The SCAD Museum of Art presents "Barrier Island," an exhibition of new artwork by renowned artist Michael Joo. Specifically conceived for the SCAD Museum of Art, the exhibition is inspired by the location, natural resources and anthropology of coastal Georgia. The artist explores the residual effects of natural phenomena and human intervention on the landscape over time and how these forces shape cultures and identities.
The exhibition draws from original research conducted by Joo on Sapelo Island, a barrier island and nature reserve off the coast of Georgia, as well as his ongoing exploration of natural and chemical materials and processes.
In collaboration with the SCAD preservation design program, the artist created a site-specific installation made of tabby — a southern, vernacular building material comprised of lime, sand and shells. A series of large-scale, two-dimensional works features images derived from the forests and natural growth on the island. These works embody important material and conceptual explorations by Joo over the last decade, involving a complex chemical process using silver nitrate and sensitized epoxy to reveal layered imagery. The luster and reflectivity of these works are echoed by the polished marble surfaces of three monumental structures, aptly described by the artist as “billboards.”

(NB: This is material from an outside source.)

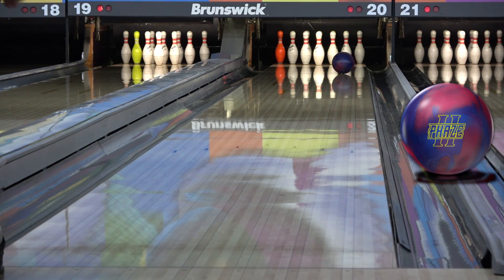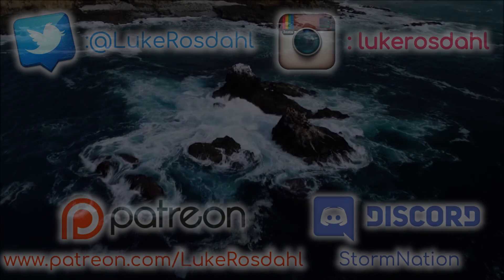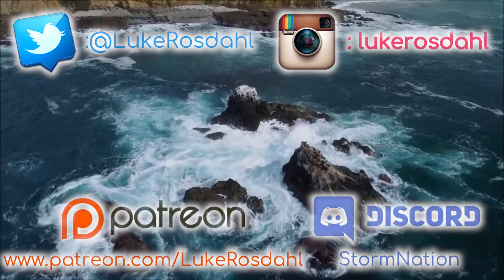It's closest to the Rubicon in hook, the IQ Tornado Pearl in length, and the Hustle PBR in back end strength.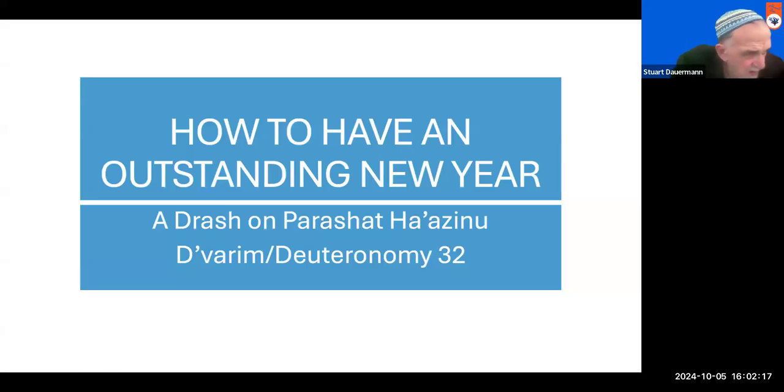Today is how to have an outstanding New Year. We talk about New Year's resolutions in our culture, and it's pretty well universally thought that New Year's resolutions are always bound to be a disappointment. We get cynical about New Year's resolutions, and it seems as though we come to accept grudgingly the fact that each year is pretty much the same as the other. But I want to stand against that.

Sapelo Island inspired Joo with its rich and tumultuous history of human habitation. Home to one of the last remaining intact Gullah – Geechee communities in the United States, the island’s status as a nature preserve enabled verdant growth to overtake much of the earlier traces of human influence on the landscape. This includes the large-scale, ancient Native American Sapelo shell rings complex (dated to 2170 B.C.); extensive landscaping and excavations exerted by the plantation owners of the 19th and 20th centuries; a compacted sawdust landmass created during the radical deforestation and logging of the island for the hungry timber industries of the 19th century; rapidly eroding tabby structures; tombstones of ancestors of African-American inhabitants in Behavior Cemetery and the ostentatious edifices of the Reynolds Mansion that recall the island’s social and economic iniquities.